Why The Market’s Most Important Correlation Has Flipped

Two days before the February 5 volmageddon, and before everyone became an overnight expert on inverse VIX ETFs, CTAs an risk parity funds, we showed two chart which we explicitly said presaged a turning point for markets, vol-targeting funds, and hinted at an imminent risk-parity tantrum.

The first showed the unmistakable correlation shift between 10Y yields and the S&P, which we said is “considerably worrisome for investors.”

Meanwhile, we also showed that the bond-equity correlation, which has been predominantly negative since the Lehman crisis, had started creeping up towards positive territory. Specifically, we said that “the 90-day correlation between stock (SPY) and bond (TLT) markets has surged ominously in the last few weeks.”

Three weeks later, Bank of America – in response to “many interest rate questions from investors” – published a 50 page report which looks at the relationship between rising rates and stocks to conclude, after tortured and convoluted logic and several goalseeked examples, that rising rates are not bad for stocks.

Actually, they are, and here is the simplest reason why in just 9 words: “Every market crash has been preceded by Fed tightening.

Still, BofA did have some interesting observations on the long-term historical relationship and rolling 3 year correlation between the S&P and 10Y yields, to wit:

Over the past 64 years, stocks have exhibited a weak and inconsistent correlation with interest rates (-11%).

Over this period, the correlation has seen a wide range from -63% to 75%. The relationship was generally negative for most of the 1960s through the 1990s (higher yields bad for stocks), a period during which the average level of rates was 7.5%. But since the turn of the century, the relationship was generally positive (higher yields good for stocks) a period during which the average level of rates was 3%. The relationship with rates and stock returns peaked about five years ago, but has remained positive and has been trending higher since the recent trough of 13% in late 2015 (Chart 2).

And now it’s flipped again… and it’s not the only one: as the following bloombergchart show, the 6-month rolling correlation between stocks and the dollar, which was also positive for the past 4 years, has turned sharply negative.

 

So why is this (or rather these) most critical market correlation inverting as yields creep ever higher? Overnight, Blackrock’s Russ Koesterich gave an elegant explanation, highlighting three things: i) the reversal in the correlation sign, ii) the nonlinear relationship between the two key asset classes, and iii) the relative interest rate.

First, why the correlation turns negative:

Financial theory does suggest that equity valuations, i.e. the price you pay for a dollar of earnings, should drop as the interest rate used to discount that earning rises. Empirical evidence supports this. A simple linear regression of stock multiples versus interest rates demonstrates that over the very long term, rates and market multiples are negatively correlated. Since 1954, for every one percentage point increase in 10-year Treasury yields the price-to-earnings ratio (P/E) on the S&P 500 contracts by approximately 0.70 points.

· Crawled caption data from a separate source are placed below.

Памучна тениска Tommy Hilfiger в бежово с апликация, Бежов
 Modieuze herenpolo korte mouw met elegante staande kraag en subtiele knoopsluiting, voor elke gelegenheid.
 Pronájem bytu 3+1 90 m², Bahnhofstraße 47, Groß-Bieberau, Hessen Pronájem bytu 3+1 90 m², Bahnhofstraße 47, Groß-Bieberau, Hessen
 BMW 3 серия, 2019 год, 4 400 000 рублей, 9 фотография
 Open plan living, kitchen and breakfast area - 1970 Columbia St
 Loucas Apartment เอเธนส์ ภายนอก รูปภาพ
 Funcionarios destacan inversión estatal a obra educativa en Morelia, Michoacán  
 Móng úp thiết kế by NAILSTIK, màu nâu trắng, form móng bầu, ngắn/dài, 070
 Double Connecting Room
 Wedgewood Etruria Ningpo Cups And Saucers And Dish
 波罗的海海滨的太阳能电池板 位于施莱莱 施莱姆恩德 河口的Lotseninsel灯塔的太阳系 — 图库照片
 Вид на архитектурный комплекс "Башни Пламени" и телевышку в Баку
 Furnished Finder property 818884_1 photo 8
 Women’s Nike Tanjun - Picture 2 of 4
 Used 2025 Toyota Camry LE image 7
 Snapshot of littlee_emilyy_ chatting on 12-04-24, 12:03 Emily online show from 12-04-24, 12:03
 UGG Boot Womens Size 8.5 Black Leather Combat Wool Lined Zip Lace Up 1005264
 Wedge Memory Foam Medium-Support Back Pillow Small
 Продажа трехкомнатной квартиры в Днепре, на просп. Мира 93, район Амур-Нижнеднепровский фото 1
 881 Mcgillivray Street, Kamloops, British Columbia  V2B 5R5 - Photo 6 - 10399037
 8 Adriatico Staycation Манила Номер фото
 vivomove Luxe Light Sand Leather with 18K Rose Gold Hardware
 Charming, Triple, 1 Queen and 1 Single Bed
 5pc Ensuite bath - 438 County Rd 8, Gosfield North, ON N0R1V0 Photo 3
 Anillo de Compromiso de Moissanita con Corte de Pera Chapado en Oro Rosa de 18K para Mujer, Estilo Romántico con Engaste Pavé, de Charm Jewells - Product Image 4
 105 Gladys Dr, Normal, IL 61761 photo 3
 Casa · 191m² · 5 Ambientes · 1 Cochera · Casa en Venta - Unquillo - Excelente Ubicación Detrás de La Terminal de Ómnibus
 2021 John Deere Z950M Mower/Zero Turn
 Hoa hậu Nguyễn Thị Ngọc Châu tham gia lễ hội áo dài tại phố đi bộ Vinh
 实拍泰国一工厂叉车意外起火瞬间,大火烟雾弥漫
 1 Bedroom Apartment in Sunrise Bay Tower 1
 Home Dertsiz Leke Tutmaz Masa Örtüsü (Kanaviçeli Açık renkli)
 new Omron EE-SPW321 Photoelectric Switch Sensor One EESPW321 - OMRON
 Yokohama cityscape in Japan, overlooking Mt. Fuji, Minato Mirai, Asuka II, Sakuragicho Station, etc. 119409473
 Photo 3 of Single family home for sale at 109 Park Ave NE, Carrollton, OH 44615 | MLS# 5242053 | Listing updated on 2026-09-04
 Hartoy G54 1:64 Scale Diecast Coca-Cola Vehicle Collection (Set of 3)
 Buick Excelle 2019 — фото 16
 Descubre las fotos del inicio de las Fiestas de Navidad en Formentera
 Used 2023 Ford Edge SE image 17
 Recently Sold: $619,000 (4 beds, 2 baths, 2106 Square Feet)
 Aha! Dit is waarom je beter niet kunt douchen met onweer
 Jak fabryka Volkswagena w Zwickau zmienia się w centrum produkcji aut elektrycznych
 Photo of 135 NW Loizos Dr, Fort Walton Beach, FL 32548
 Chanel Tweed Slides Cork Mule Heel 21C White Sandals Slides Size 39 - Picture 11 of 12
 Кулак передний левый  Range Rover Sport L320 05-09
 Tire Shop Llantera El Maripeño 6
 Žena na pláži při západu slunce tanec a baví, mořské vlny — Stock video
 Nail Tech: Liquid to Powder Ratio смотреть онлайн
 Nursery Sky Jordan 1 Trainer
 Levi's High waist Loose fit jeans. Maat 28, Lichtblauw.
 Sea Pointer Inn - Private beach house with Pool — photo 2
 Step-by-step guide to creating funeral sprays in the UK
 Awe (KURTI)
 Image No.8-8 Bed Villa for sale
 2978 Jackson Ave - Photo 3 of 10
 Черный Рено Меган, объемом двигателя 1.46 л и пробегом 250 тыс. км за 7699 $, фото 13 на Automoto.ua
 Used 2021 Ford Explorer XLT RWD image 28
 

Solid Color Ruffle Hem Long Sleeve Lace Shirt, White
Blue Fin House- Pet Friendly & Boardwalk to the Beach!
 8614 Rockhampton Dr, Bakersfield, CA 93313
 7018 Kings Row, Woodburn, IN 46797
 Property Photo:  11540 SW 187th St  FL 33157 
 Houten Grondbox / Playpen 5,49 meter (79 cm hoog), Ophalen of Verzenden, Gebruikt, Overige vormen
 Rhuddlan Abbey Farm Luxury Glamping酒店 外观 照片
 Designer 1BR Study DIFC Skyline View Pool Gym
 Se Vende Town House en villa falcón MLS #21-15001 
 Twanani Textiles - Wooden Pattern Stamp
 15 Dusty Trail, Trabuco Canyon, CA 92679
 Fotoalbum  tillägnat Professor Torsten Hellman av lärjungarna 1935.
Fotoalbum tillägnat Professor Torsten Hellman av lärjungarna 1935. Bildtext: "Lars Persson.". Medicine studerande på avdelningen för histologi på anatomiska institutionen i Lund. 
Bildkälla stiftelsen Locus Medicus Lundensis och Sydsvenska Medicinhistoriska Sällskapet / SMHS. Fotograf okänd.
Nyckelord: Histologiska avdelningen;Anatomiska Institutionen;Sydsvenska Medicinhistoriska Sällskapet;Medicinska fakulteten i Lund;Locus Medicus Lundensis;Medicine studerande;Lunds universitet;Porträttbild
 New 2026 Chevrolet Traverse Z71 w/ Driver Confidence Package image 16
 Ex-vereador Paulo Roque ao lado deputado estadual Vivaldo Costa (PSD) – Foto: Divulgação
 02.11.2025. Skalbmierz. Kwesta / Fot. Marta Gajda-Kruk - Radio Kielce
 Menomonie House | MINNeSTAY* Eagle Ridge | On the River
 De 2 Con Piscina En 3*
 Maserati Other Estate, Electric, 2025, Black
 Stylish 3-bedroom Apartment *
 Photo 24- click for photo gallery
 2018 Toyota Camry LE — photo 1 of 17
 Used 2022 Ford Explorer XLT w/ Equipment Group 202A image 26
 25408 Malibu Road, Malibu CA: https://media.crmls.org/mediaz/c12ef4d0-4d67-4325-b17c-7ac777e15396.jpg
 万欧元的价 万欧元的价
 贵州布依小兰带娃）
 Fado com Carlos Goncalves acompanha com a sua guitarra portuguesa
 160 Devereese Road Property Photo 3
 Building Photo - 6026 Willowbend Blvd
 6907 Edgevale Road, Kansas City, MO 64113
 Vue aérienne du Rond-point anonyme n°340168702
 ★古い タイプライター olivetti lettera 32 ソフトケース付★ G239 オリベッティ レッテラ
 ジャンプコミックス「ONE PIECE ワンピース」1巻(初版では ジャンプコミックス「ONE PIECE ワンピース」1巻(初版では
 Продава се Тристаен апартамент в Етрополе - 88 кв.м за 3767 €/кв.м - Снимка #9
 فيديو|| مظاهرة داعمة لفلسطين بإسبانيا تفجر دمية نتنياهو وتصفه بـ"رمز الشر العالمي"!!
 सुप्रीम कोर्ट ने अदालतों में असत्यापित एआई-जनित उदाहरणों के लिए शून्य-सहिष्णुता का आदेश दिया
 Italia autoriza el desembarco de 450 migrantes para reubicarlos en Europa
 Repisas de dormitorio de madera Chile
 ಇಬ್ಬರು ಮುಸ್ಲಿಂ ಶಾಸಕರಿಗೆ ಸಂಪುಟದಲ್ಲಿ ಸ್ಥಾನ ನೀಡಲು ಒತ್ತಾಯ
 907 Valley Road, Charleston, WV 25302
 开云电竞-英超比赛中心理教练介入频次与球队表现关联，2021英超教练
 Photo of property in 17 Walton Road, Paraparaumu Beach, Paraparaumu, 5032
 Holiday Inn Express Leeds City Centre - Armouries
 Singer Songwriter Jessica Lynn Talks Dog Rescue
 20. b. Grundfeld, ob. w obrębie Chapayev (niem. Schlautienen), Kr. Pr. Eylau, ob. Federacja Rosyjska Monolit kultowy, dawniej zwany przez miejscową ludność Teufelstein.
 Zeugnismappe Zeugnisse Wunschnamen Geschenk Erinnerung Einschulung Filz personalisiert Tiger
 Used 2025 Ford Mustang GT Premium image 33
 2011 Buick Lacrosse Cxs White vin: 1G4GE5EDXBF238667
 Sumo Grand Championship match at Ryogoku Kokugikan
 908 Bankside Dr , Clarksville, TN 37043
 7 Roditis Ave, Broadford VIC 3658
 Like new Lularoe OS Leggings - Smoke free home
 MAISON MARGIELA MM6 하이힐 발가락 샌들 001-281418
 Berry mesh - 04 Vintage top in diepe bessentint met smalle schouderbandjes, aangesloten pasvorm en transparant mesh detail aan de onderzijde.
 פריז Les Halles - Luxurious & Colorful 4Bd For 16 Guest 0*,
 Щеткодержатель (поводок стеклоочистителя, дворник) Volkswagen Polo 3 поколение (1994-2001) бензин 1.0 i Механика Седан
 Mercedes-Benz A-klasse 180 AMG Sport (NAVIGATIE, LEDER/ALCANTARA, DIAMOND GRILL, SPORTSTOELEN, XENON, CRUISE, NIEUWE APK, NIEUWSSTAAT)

Another way of showing this is the following chart from BofA which shows the impact of the change in the real risk free rate on S&P fair value. The higher rate, the lower the S&P, or as BofA explains, “every 50bp increase in the normalized real risk-free rate reduces the fair value of the S&P 500 by roughly 6-8%”

To offset the gloomy message some – like Blackrock – try to extrapolate a non-linear relationship between yields and multiples:

However, if you allow for a more complex expression of the relationship, things look somewhat different. Rather than a straight line, a better description of the relationship between rates and multiples is nonlinear, i.e. the relationship changes depending on the level of rates. Allowing for this nuance, interest rates explain nearly 30% of the variation in S&P 500 earnings multiples (see the accompanying chart).

Finally, there is the special case of low rates: here again is Kosterich:

Rates and multiples are more likely to rise in tandem when interest rates are rising from unusually low levels, as is the case today. Under these circumstances, faster growth is treated as a positive as it alleviates recession and deflation fears. In addition, faster nominal growth is also associated with faster earnings growth.

Unfortunately, there is a caveat. Rates and valuations can rise together—to a point. At some point the negative relationship between rates and valuations reasserts itself. In other words, at a certain level higher bond yields create real competition for stocks, particularly dividend stocks, and put downward pressure on multiples.

What that point is, is of course the $64 trillion question: while some have suggested 2.75%, some 3.0% the latest and greatest estimation of this inflection point came from Credit Suisse this week, which calculated that the day of reckoning for stocks will take place just as the 10Y yield hits 3.50%.

Of course, by the time the 10Y actually does hit 3.5% it will be far too late as anticipating traders will have been busy frontrunning this event… and selling; it explains why the closer we get to 3.00%… or 3.50%, the greater the divergence between the 10Y and the S&P, and why the higher yields go, the more negative the correlation, until it eventually snaps back when stocks finally capitulate and the next crash hits.